Q_Goest has given the most detailed analysis on this question, which I believe is in good agreement with all of your points, except for the significance of the heat capacity of the tile. I found it very persuasive in spite of my earlier concerns on that exact point.

 

[Q_Goest]

Thanks AlephZero, I agree. Maybe one minor point:

the bad change is that when the external heat source is removed, the heat stored in the tile is conducted away in both directions - into the shuttle as well as back into the atmosphere.

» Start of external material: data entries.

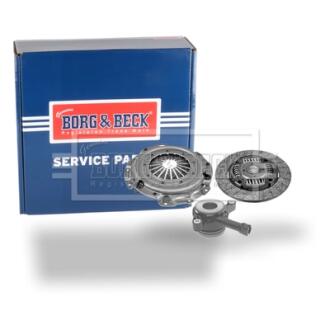 -Комплект зчеплення BORG & BECK HKT1546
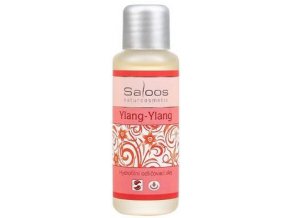 Saloos Ylang-Ylang hydrofilní odličovací olej
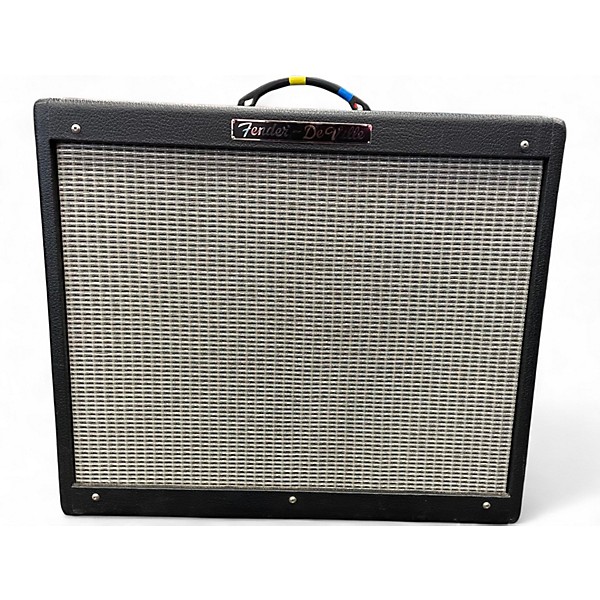 Used Fender Hot Rod Deville II 60W 2x12 Tube Guitar Combo Amp
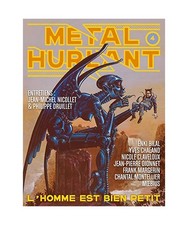 Métal Hurlant N° 4: L'homme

The rate of heat transfer at the inner surface duiring 'steady state' (or any state during which the thermal gradient is aproximately linear as I've mentioned earlier) is always going to be higher than during this cool down period. We can be sure of this because the rate of heat transfer due to thermal conductivity is linearly proportional to dT/s at the inner surface. That's the slope of the temperature gradient at the inner surface. That slope only decreases as we go from a linear temperature gradient to one experienced during the transient. Agreed?

 

[AlephZero]

Agreed. The main point I was making was that the heat stored in the thermal capacity of the tile has to go somewhere, and it doesn't all go back out to the atmosphere just because that would a nice thing to happen.

I don't know enough about the shuttle tile system to estimate the thermal time constant (i.e the time for the system to approach a steady state condition) compared with duration of the heat input, so I don't know how relevant your refinement of the argument is in practice.